Pocas cosas me entristecen más que no ir a un partido de La Franja, en propia casa.

Y peor tantito —porque las tragedias siempre encuentran la manera de superarse—, cuando en mi lugar favorito, con motivo del homenaje póstumo al eterno Pablo Larios Iwasaki desfilaron emblemas como Guillermo Cosío, Arturo Orozco, Gerardo González, Marcelino Bernal, Edgardo Fuentes, Roberto Ruíz Esparza, Carlos Poblete, quienes —a la distancia, a través de fotos en Twitter y videos en Whatsapp—, me recetaron un bello golpe de regreso a la infancia.

Me cuenta El Pep que mi primer partido como enfranjado recalcitrante se dio precisamente aquel 26 de mayo de 1990; la noche de la épica voltereta ante la U. de G., y que derivó en la máxima gloria de mi Franja: el Campeonísimo.

La gesta de un trabuco que sólo vive en mi memoria gracias a Youtube, pues difícilmente, aunque mi padre no lo creyó aquella ocasión, un escuincle de apenas cinco años, tras horas y horas de inagotable espera, resiste a caer dormido.

Cómo será el futbol de romántico y de aferrado a la memoria, que el partido se jugó a las 12 del día; ese horario de los épicos llenos (o eso, se cansan algunos de jurar), cuya ausencia provoca ya no ver al coloso de Maravillas, cada quince días, repleto de banderas y playeras azul con blanco (o eso, se cansan de perjurar).
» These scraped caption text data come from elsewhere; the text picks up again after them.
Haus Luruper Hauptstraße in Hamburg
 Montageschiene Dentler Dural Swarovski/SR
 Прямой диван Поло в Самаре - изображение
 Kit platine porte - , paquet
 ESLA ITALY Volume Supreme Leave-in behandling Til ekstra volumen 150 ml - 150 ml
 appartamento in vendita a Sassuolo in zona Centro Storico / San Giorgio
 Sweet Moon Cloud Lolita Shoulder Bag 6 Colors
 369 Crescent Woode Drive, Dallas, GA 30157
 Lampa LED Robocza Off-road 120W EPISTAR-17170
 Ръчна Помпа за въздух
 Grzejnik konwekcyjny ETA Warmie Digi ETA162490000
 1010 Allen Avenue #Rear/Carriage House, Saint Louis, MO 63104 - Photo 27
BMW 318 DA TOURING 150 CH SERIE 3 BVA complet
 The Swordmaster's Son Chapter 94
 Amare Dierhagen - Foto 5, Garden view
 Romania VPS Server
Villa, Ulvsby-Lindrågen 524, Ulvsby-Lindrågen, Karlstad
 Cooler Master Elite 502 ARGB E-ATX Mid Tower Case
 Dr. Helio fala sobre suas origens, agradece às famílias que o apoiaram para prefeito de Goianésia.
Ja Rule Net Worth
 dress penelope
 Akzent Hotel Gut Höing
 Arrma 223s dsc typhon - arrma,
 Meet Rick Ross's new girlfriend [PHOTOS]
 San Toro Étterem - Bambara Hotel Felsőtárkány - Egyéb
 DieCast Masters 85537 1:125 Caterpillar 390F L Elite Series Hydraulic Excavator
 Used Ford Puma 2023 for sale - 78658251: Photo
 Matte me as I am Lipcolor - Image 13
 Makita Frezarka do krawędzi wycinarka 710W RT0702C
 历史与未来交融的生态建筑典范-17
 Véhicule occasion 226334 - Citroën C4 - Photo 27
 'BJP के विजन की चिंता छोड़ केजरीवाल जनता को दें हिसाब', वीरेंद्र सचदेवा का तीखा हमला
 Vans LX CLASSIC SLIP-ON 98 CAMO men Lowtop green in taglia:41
Y también, cómo será de bondadoso, que tres de los cuatro goles anotados llegaron por medio de tipos que me hicieron adorar estos colores:

Uno, al que de niño creía —por su inconfundible cabellera—, que era demasiado rápido y habilidoso “para ser un viejito”; otro, de apellido curioso —que hasta la fecha me cuesta pronunciar— y quien se enterneció al verme llorar por la emoción de conocerlo; y el otro, del goleador legendario y —sobra decirlo, pero por si acaso—mi poblano favorito por siempre.

La Franja, sus amigos, el Cuauhtémoc y un balón. Cuánta envidia le tengo, don Pablo; aquí entre nos. 

Nos leemos la siguiente semana. Y recuerden: la intención sólo la conoce el jugador.